Avec l'industrialisation, Bruxelles développe de nouveaux quartiers et de gigantesques travaux sont entrepris.
Avec Victor Horta et ses suiveurs, de superbes demeures Art nouveau sortent de terre au tournant du XXe siècle. Bruxelles connaît alors un important rayonnement culturel. Les Expos universelles s'y succèdent (1897, 1910, 1935), vantant le progrès des arts et de l'industrie et faisant de la ville un point de convergence des capitaux et des idées.
Occupée pendant les deux guerres mondiales, Bruxelles est bombardée trois fois durant le second conflit.
Bruxelles aujourd'hui
Après la guerre, les grands travaux se poursuivent. La ville subit un véritable traumatisme. La modernité prend le développement américain pour modèle.
En 1958, nouvelle Exposition universelle. L'Atomium, symbole du progrès par la science et des Trente Glorieuses, en devient l'édifice-phare. Le quartier nord dit aujourd'hui « de l'Europe », autour de la rue de la Loi, est éventré pour élever des édifices ennuyeux qui accueilleront la « technostructure » européenne.
On est passé à une politique de rénovation plutôt que de démolition, même les buildings des années 1960 ont été relookés. Le mobilier urbain a été remplacé pour offrir un environnement visuel plus agréable. Les nouveaux tramways et bus urbains ont fière allure, et le métro des années 1970 a été repensé.
Bruxelles, ville-région
Parallèlement à la profonde transformation de son tissu urbain, la ville connaît une modification de son pouvoir, du fait du glissement progressif du pays vers le communautarisme. La Belgique tente de répondre aux tiraillements entre les communautés flamande et francophone en redistribuant les cartes institutionnelles sur un modèle fédéral.
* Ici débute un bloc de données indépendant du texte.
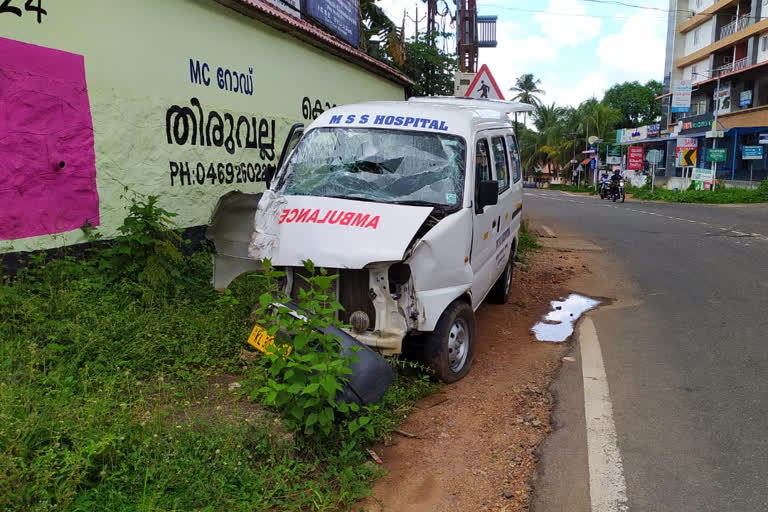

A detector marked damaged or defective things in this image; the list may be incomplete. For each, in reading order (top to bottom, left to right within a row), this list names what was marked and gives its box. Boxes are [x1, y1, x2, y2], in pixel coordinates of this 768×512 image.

shattered windshield [278, 127, 464, 208]
crumpled hood [250, 193, 436, 270]
damaged white ambulance [208, 98, 536, 382]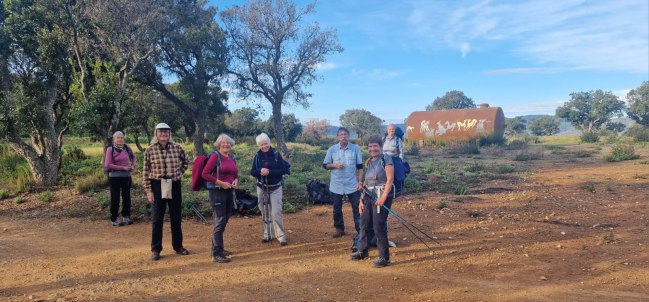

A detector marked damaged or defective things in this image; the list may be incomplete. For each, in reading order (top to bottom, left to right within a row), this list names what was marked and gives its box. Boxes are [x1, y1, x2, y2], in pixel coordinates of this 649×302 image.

rusted metal tank [404, 107, 506, 141]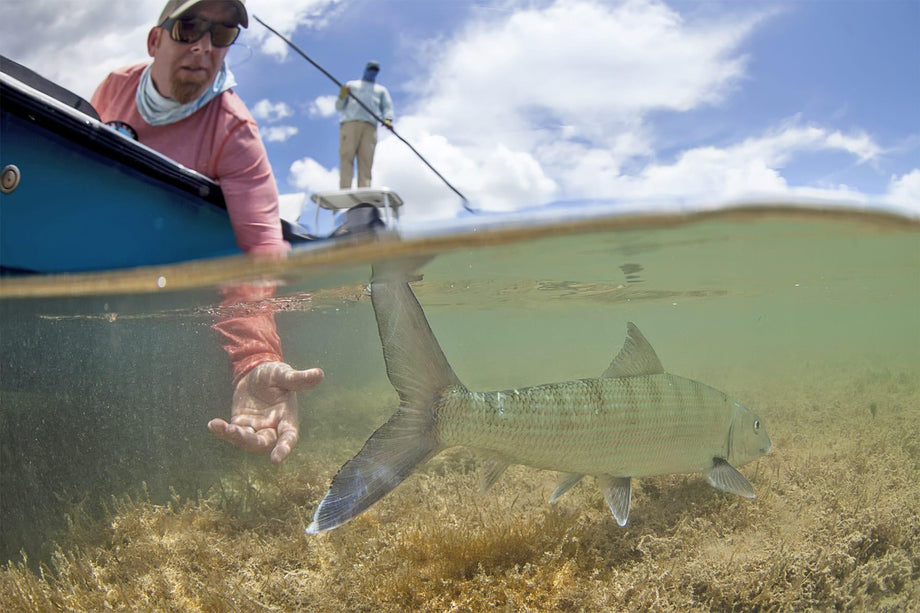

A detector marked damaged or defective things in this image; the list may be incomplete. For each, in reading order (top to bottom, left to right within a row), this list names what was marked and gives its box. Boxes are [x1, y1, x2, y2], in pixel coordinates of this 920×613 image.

bent fly rod [252, 16, 474, 213]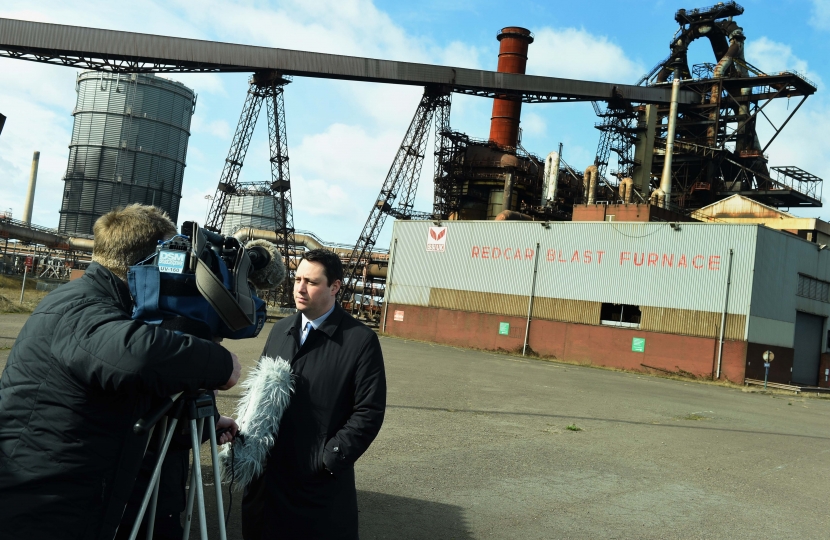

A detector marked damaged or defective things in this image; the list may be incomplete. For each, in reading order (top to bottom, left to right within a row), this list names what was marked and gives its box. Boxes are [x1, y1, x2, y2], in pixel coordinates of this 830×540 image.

rusty industrial pipe [490, 27, 536, 149]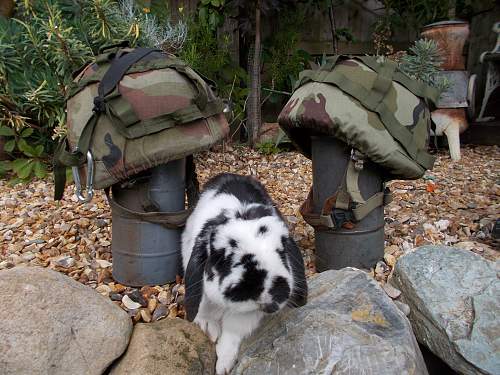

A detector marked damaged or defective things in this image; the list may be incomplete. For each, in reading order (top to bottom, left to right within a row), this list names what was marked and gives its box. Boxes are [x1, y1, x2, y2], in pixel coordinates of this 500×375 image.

rusted metal container [422, 20, 468, 70]
rusted metal container [111, 159, 186, 288]
rusted metal container [310, 137, 384, 272]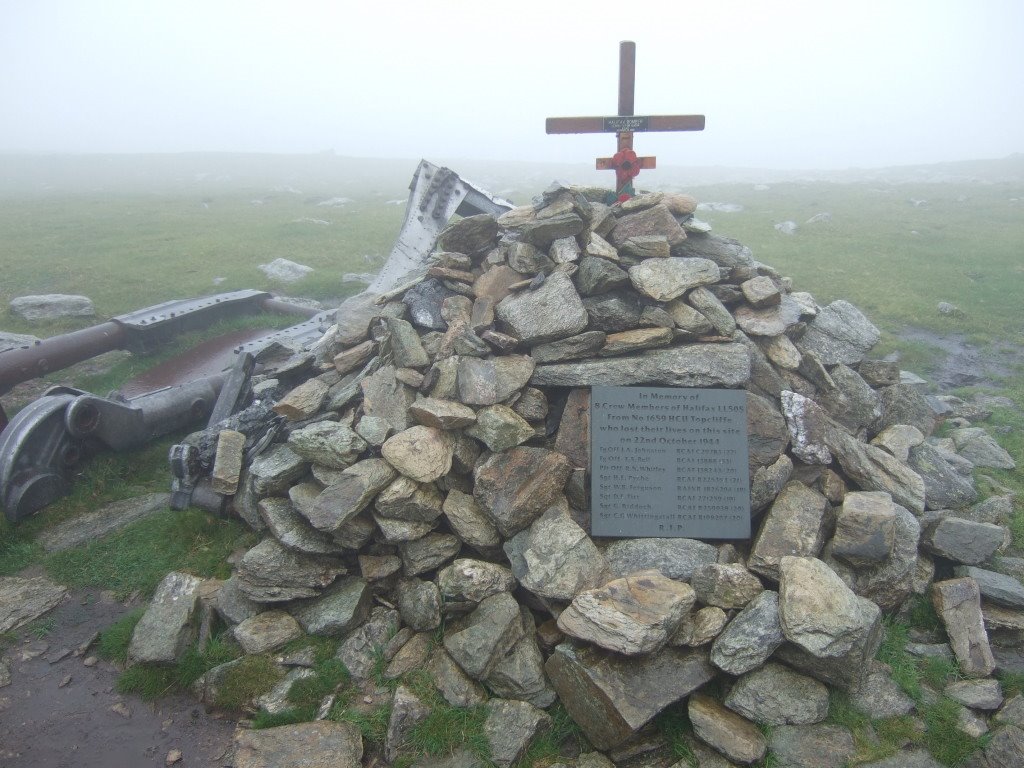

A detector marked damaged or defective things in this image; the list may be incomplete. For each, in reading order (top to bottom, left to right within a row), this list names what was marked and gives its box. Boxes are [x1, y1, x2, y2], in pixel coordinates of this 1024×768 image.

rusted engine part [366, 160, 512, 292]
rusted engine part [0, 286, 316, 396]
rusted engine part [0, 376, 223, 520]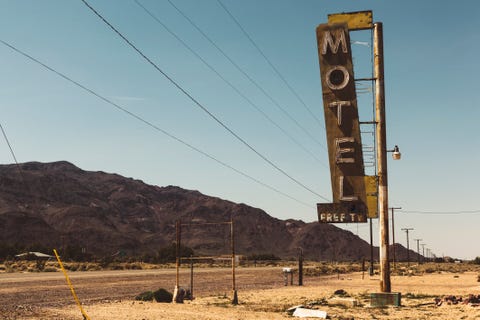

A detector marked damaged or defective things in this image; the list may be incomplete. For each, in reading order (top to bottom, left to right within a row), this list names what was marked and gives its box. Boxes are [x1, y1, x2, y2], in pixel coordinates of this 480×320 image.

rusted metal sign [316, 22, 370, 222]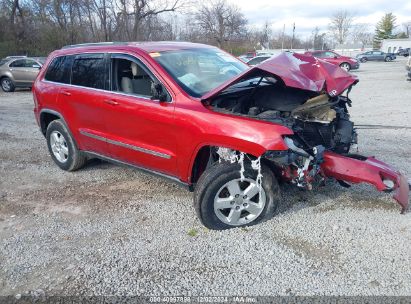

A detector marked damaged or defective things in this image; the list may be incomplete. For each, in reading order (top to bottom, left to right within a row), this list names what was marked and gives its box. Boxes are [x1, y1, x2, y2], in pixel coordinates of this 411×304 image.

crumpled hood [201, 51, 358, 100]
damaged front end [204, 52, 410, 213]
detached front bumper [324, 152, 410, 214]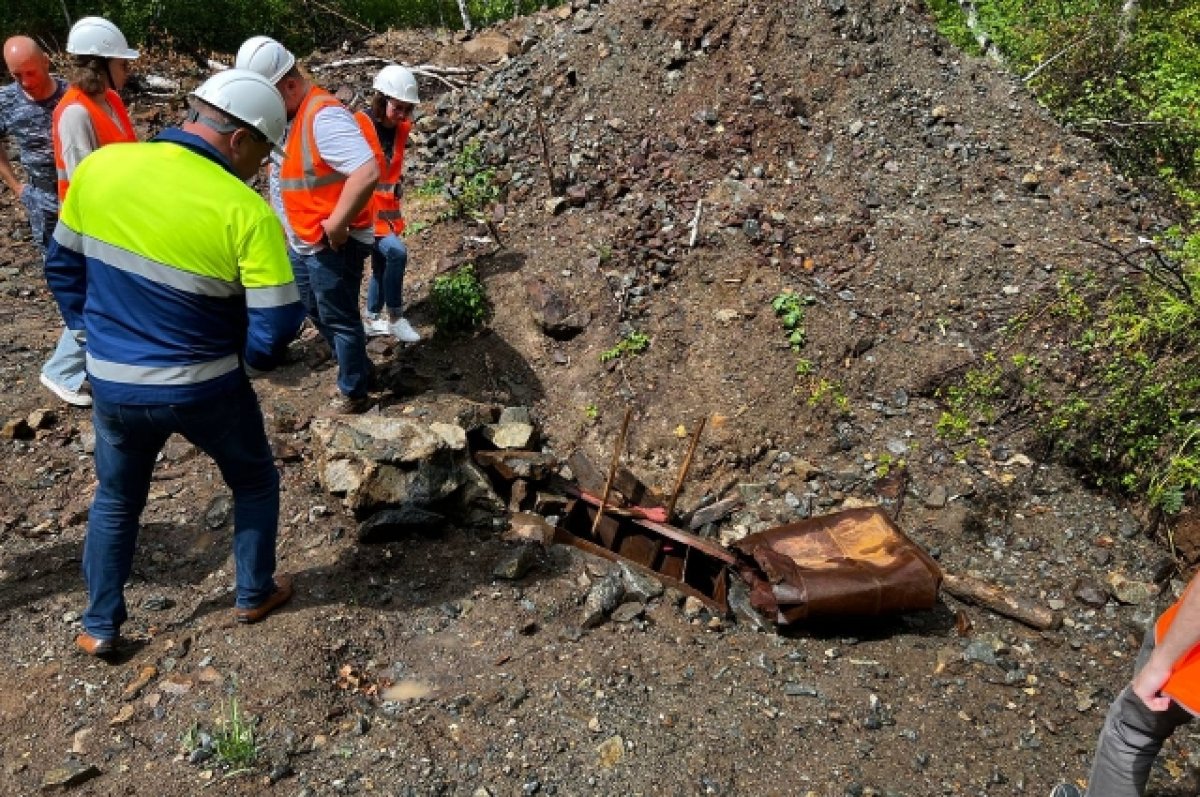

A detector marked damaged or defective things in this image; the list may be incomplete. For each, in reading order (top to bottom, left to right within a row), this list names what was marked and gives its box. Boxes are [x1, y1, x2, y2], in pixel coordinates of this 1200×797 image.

rusty metal debris [736, 506, 944, 624]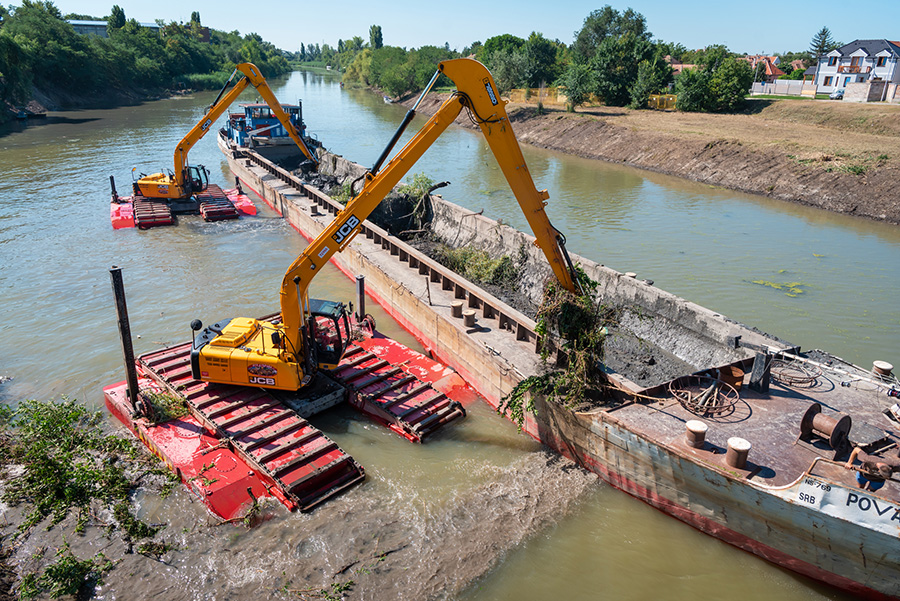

En parallèle à la création des trois régions géographiques (Bruxelles-Capitale, Flandre et Wallonie), on crée des communautés linguistiques (francophone, néerlandophone et germanophone) qui ne recoupent pas les régions.
Aujourd'hui, Bruxelles est une ville-gigogne : capitale du pays tout entier mais aussi capitale de la Flandre, tout en étant une région administrative à part entière.
Pour compléter le tableau, Bruxelles est également le siège de l'OTAN, de l'UEO, de la Commission européenne et du Parlement européen (commissions parlementaires).